Why Don’t Larger Subwoofer Drivers Play Lower

When you start shopping for subwoofers, it’s easy to look for shortcuts. More expensive surely means more better. Bigger driver probably means it can play lower? Ports suggest louder? A few minutes into your research and you’ll learn that none of those are universally true. You can find sealed subwoofers that can play very loud. There are fairly inexpensive subwoofers that can outperform others that cost much more. The most confusing one, however, is when you find a subwoofer with a smaller driver with greater extension than a sub with a bigger driver. Why don’t larger subwoofer drivers always play lower than smaller drivers? Let’s discuss.

Sum of the Parts

The easy and correct answer is that subwoofers are not just a driver. If the driver were the defining factor of a subwoofer, then larger drivers would probably be able to play consistently lower than smaller drivers. A subwoofer’s performance isn’t just determined by its driver size. There is the enclosure, the amp, DSP, and many other factors that will determine how a subwoofer performs.
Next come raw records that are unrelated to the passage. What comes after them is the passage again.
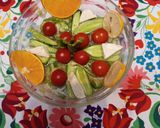 Cukkinis saláta édes-ecetes kapros öntettel recept fázis 13 fotója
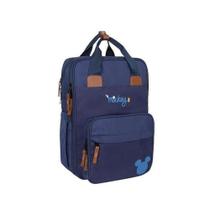 Mochila de Maternidade Dermiwill Mickey Azul Marinho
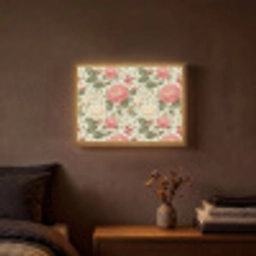 Klassiek - Botanisch - Veelkleurig Light Box met batterij (Wandlamp) middel 907 -sfeer4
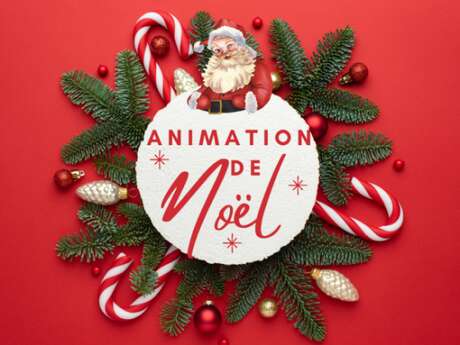 Animation de Noël sur le marché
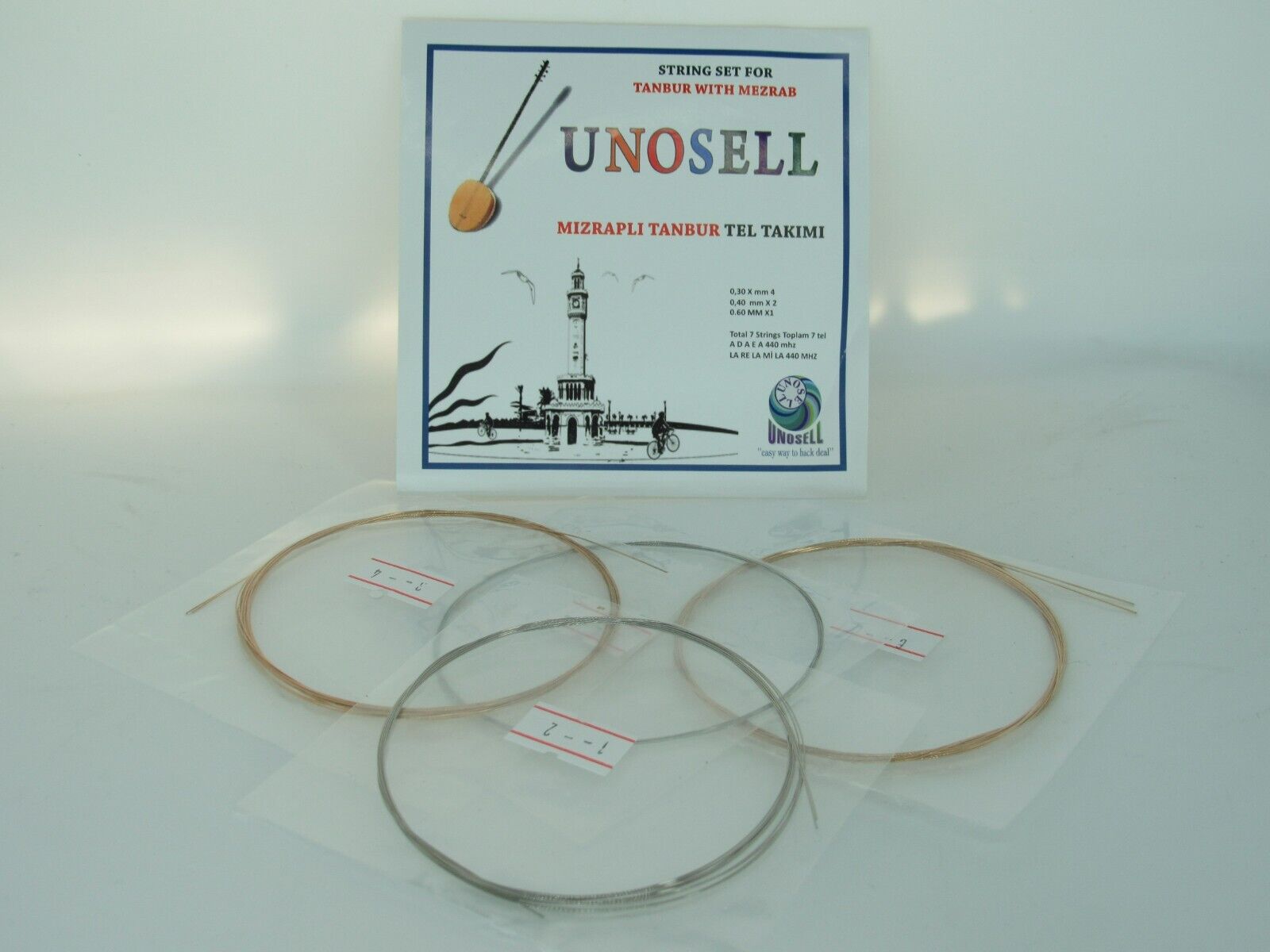String Set For Turkish String Instrument Tanbur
Drilling down even further, a driver isn’t just the size of the diaphragm. There are lots of parts of the driver that will determine how it performs. When SVS was developing their 2000 series subwoofers, they went through dozens of prototypes before they settled on a driver with the right performance. If diaphragm size were the most important performance factor, all subwoofers with the same driver size would play just as low.

Subwoofers are Designed to Hit Performance Metrics

When you shop for a car, you have specific features in mind. Maybe it is the engine horsepower, the number of seats, color, type, or make. You probably have a couple of these in mind. For example, the last time I shopped for a car, I was using it for work. I needed specific towing capacity, four-wheel drive, and a few other features. Now that I no longer use my vehicle for work, I don’t need all of that. I’m stuck with a vehicle with crappy gas mileage and a bunch of features I no longer use.

Subwoofers are the same. When the design team starts, they have performance metrics in mind. They want to hit a specific extension, fill a specific volume of air, and often have a maximum price point in mind. With those metrics in hand, the designers have to come up with a design that will fulfill all those at the same time. Sometimes they can do that by slapping a massive driver in a huge box and calling it a day. Other times, they have specific size requirements that will limit what size drivers they can use. Suddenly, they need to find a way to make a smaller driver play lower than other subwoofers with the same size drivers.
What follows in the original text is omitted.